The Role of Inflammatory Mediators in the Synergistic Toxicity of Ozone and 1-Nitronaphthalene in Rat Airways

Article excerpt

Ambient air is polluted with a mixture of pulmonary toxicants. Previous studies indicate that prior exposure to atmospheric oxidant pollutants such as ozone may significantly alter the response to other pollutants, such as 1-nitronaphthalene (1-NN). 1-NN, a component of the particulate exhaust from diesel engines, has been found at low concentrations in ambient air. Using a metabolomic approach, we investigated inflammatory responses in arachidonic and linoleic acid biochemical cascades (35 metabolites) and the expression of 19 cytokines/chemokines at three time points (2, 6, and 24 hr) following exposure to 1-NN with and without prior long-term [O.sub.3] exposure.
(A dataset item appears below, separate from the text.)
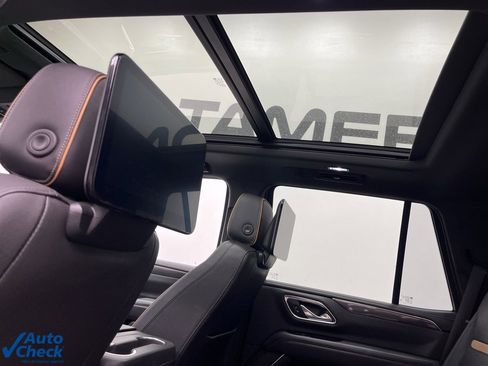 Used 2021 GMC Yukon AT4 w/ AT4 Premium Plus Package image 13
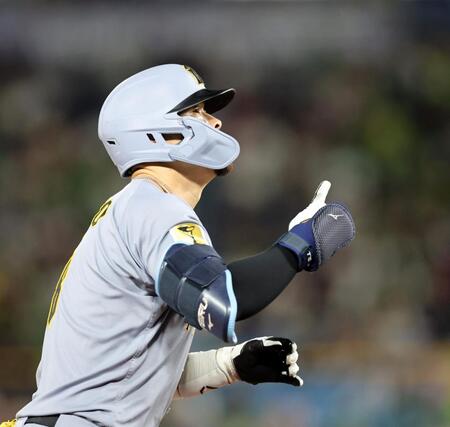 ３回、右越えにソロを放ちベースを回る佐藤輝（撮影・山口登）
Long-term [O.sub.3] exposure is associated with biochemical changes that have been shown to render the lung resistant to further [O.sub.3] exposure. This study indicates that airways of [O.sub.3]-tolerant rats exhibited a low level of chronic inflammation, rendering the lungs more susceptible to other environmental pollutants such as 1-NN. Specifically, a 12.5-mg/kg dose of 1-NN to [O.sub.3]-tolerant rats produced significantly higher levels of cysteinyl-leukotrienes in bronchiolar lavage fluid even when compared to a 50-mg/kg dose of 1-NN in rats exposed to filtered air. Collectively, these results indicate that the combination of exposures as encountered in polluted ambient air are considerably more injurious to the lung than would be anticipated from previous studies employing single exposures. The observed synergism between [O.sub.3] and 1-NN may be causally related to a shift in a T-helper 1 to T-helper 2 immune response in the airways. Key words: 1-nitronaphthalene, arachidonic acid, cyclooxygenase, inflammatory mediators, linoleic acid, lipoxygenase, ozone. Environ Health Perspect 114:1354-1360 (2006). doi:10.1289/ehp.8373 available via http://dx.doi.org/ [Online 22 June 2006]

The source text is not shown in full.